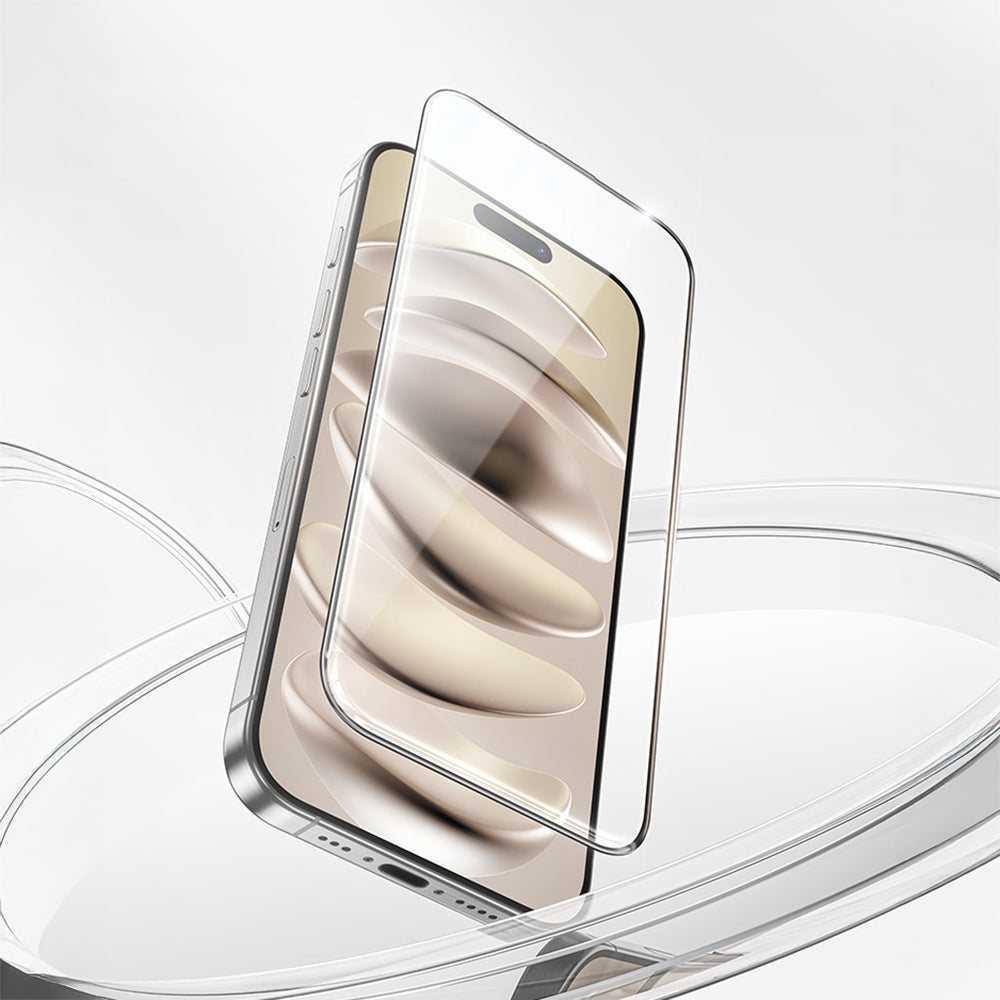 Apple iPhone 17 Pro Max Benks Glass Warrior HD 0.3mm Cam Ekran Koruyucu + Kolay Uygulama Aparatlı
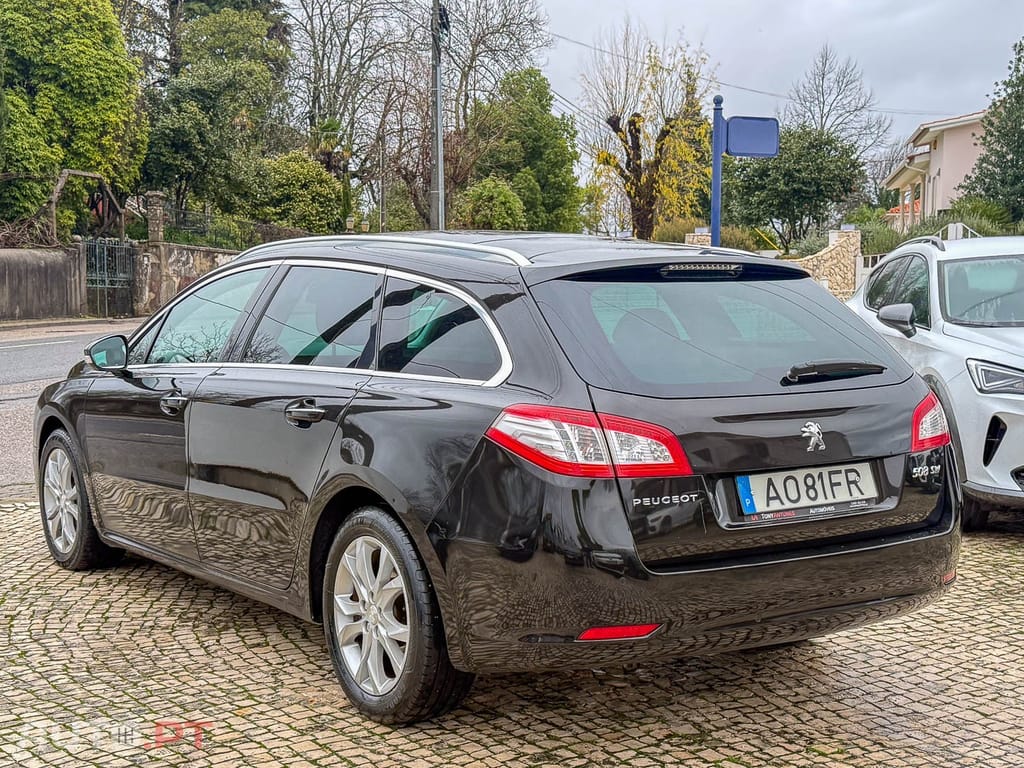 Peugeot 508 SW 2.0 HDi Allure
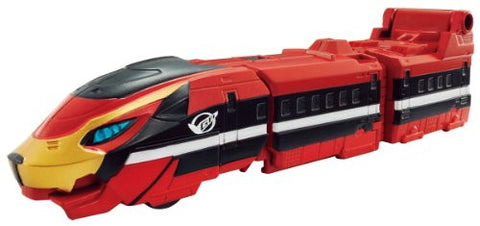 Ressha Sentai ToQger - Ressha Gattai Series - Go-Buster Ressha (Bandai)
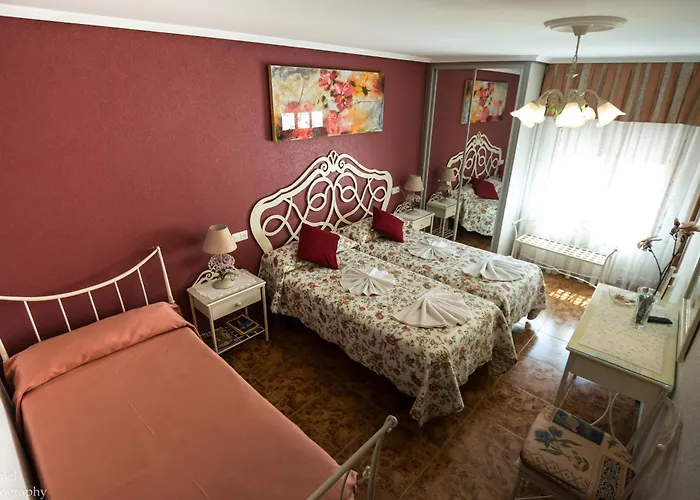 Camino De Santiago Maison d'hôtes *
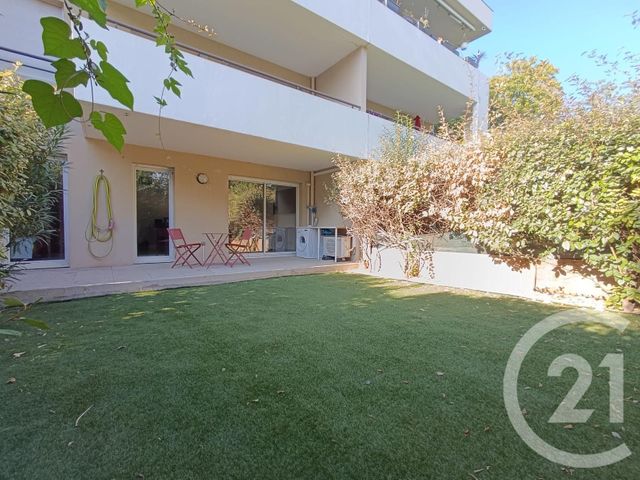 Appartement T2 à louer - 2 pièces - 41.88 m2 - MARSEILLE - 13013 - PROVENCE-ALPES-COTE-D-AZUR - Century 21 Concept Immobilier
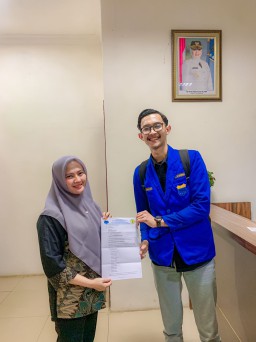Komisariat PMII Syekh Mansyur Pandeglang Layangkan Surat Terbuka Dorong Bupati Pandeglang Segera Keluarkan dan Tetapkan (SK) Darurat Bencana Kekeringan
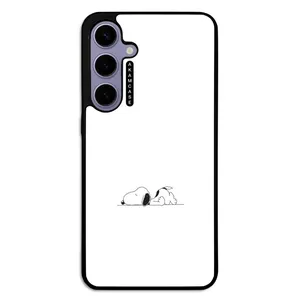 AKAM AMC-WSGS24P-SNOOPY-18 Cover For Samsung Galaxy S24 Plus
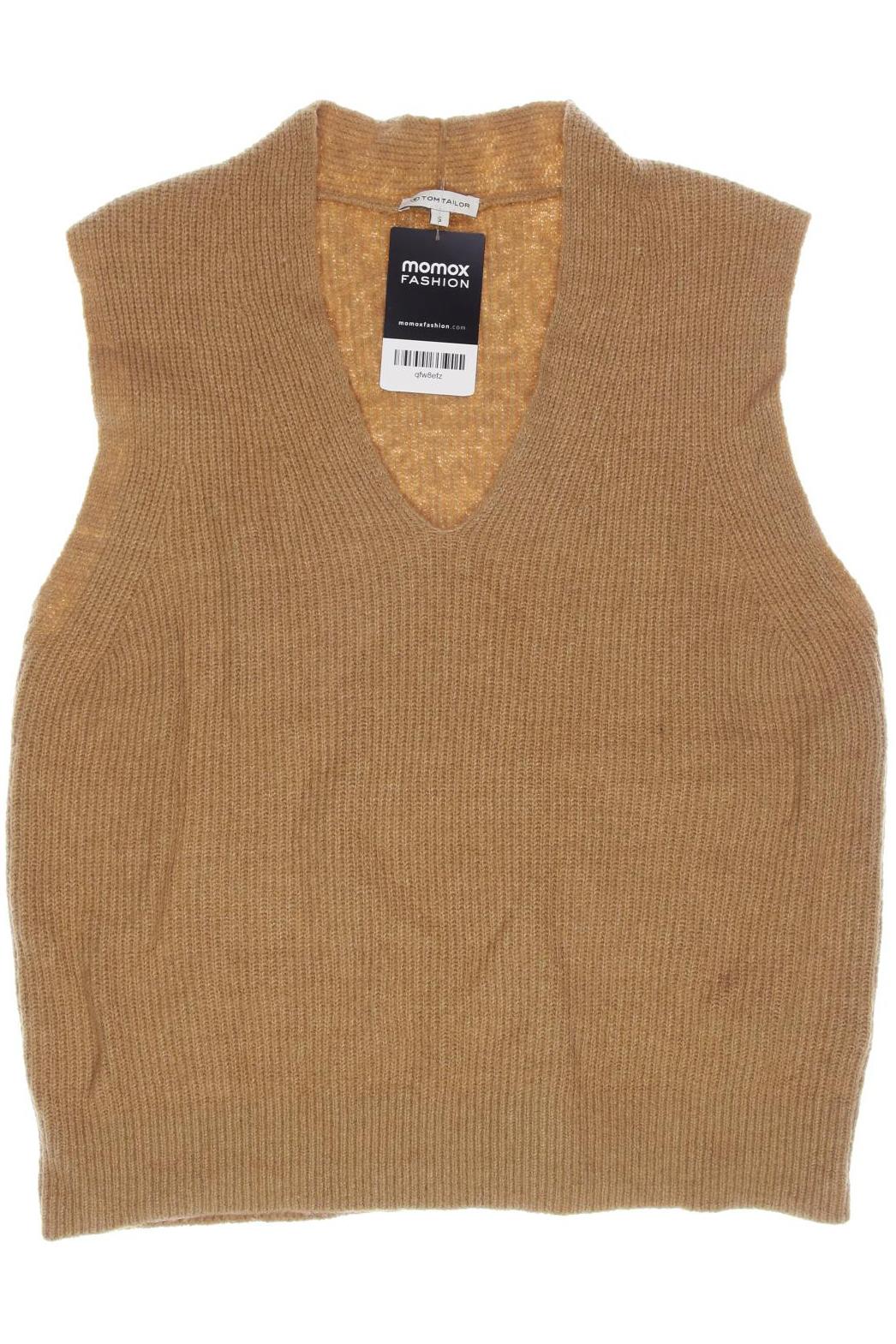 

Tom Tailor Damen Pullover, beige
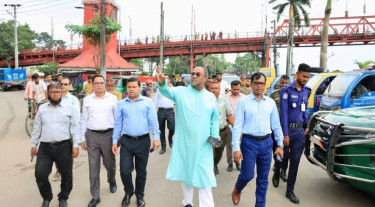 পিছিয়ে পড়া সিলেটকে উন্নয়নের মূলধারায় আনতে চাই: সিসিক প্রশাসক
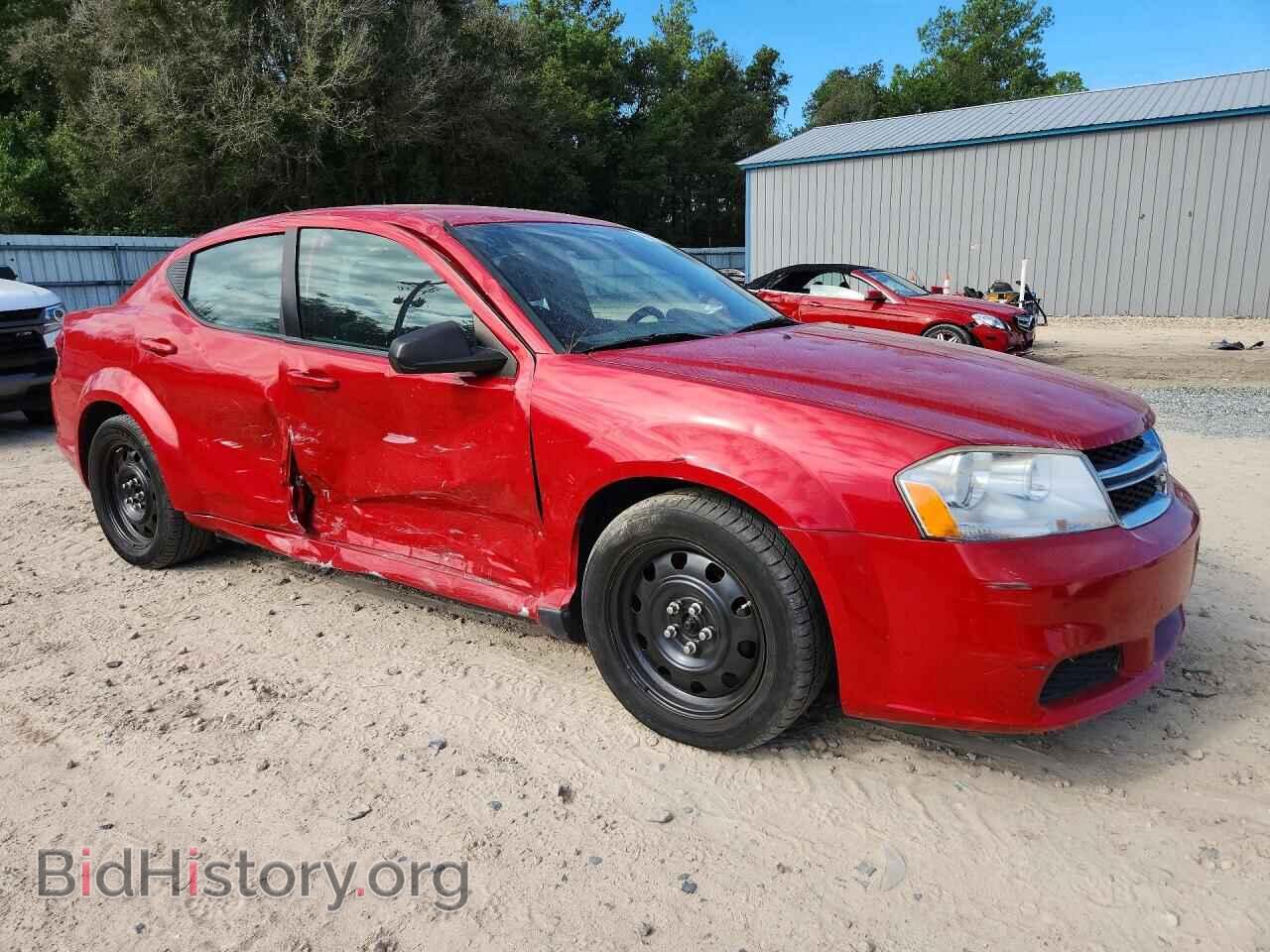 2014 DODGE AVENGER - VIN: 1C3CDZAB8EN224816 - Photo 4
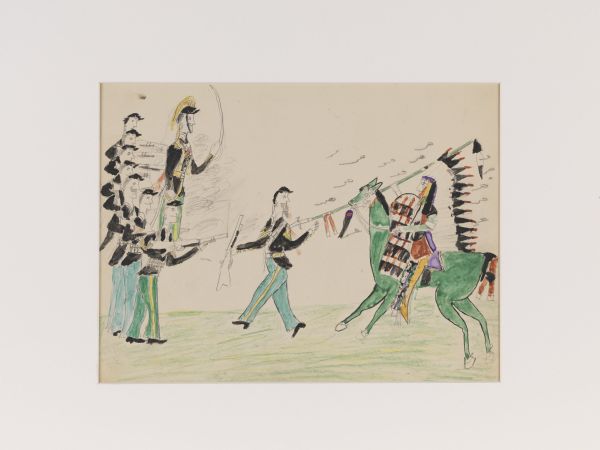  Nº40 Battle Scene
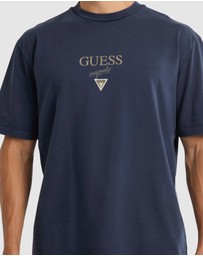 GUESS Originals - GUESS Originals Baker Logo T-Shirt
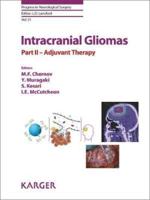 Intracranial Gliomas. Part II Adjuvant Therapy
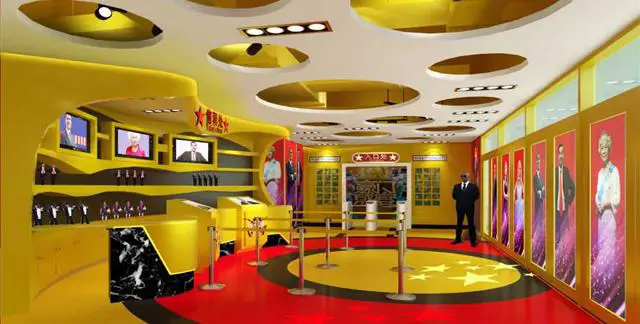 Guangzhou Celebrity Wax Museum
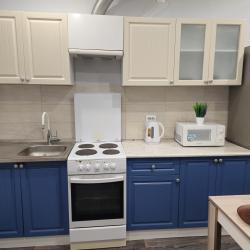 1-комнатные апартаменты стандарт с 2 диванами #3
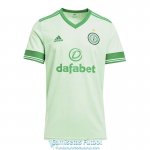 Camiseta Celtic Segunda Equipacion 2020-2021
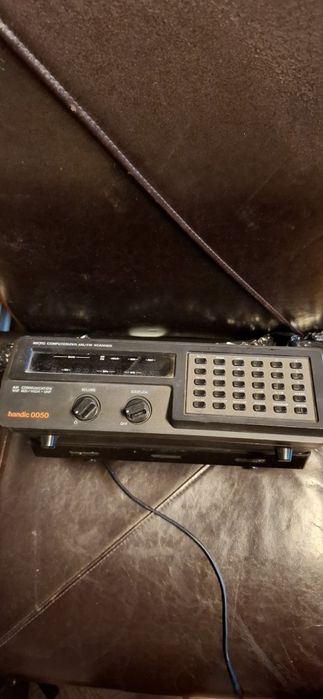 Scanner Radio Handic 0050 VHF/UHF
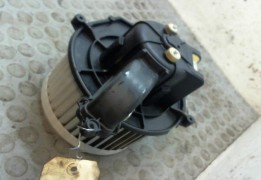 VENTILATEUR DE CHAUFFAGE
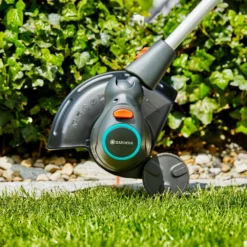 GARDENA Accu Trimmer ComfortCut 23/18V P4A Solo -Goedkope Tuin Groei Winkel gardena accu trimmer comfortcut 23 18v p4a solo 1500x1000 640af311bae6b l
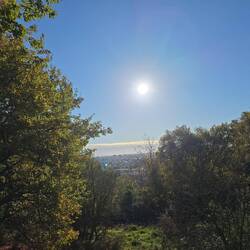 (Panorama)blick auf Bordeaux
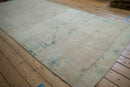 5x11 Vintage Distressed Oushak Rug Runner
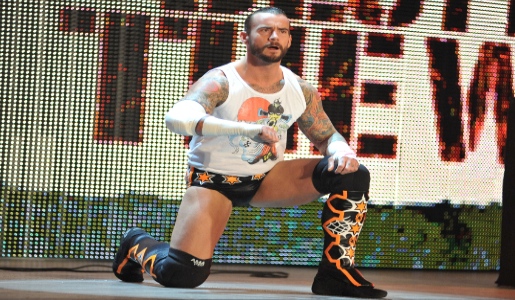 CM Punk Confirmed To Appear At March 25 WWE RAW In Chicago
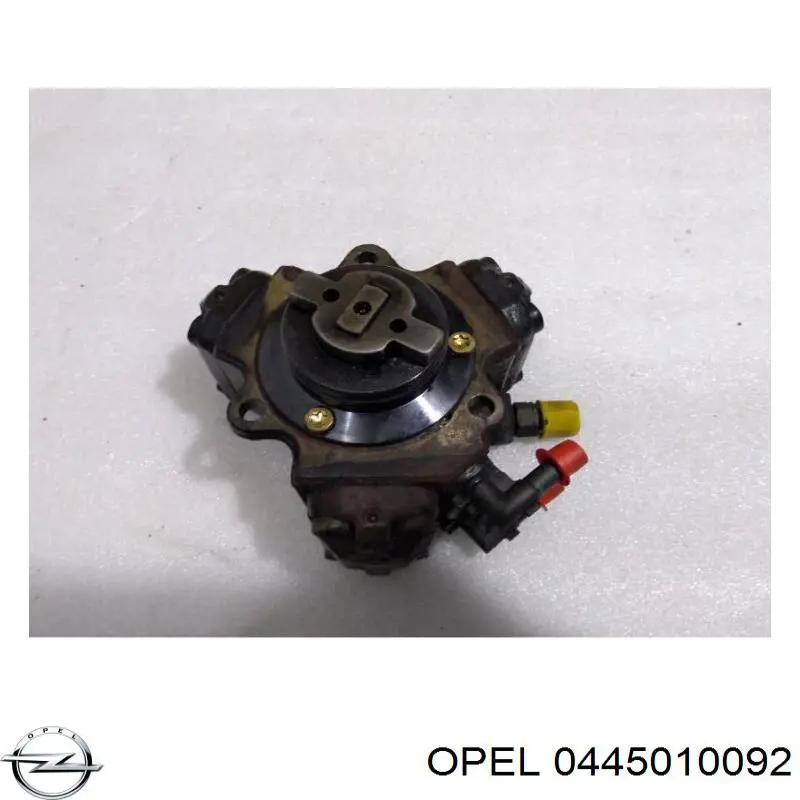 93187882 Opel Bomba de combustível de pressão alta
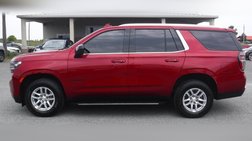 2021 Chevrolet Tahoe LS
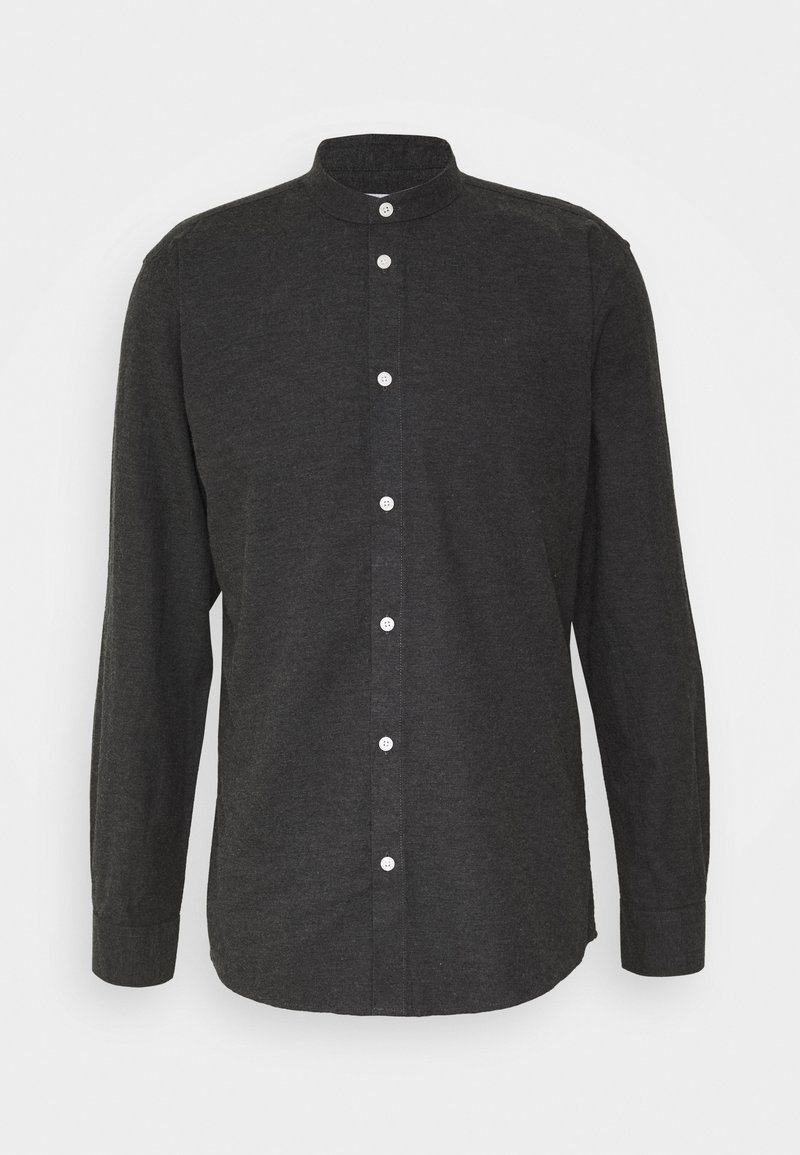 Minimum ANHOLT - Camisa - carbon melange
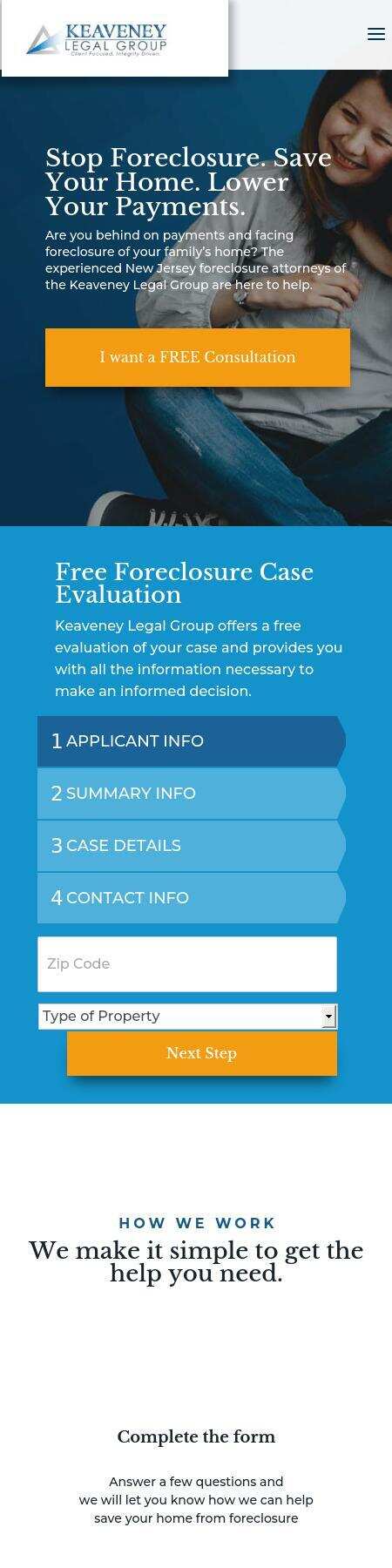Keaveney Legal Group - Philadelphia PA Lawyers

- Your objective
Say again, exactly, only those lines of the records that run from the start through the line with "Appartement T2 à". Pictures are to be skipped.

- Answer area
 Apple iPhone 17 Pro Max Benks Glass Warrior HD 0.3mm Cam Ekran Koruyucu + Kolay Uygulama Aparatlı
 Peugeot 508 SW 2.0 HDi Allure
 Ressha Sentai ToQger - Ressha Gattai Series - Go-Buster Ressha (Bandai)
 Camino De Santiago Maison d'hôtes *
 Appartement T2 à louer - 2 pièces - 41.88 m2 - MARSEILLE - 13013 - PROVENCE-ALPES-COTE-D-AZUR - Century 21 Concept Immobilier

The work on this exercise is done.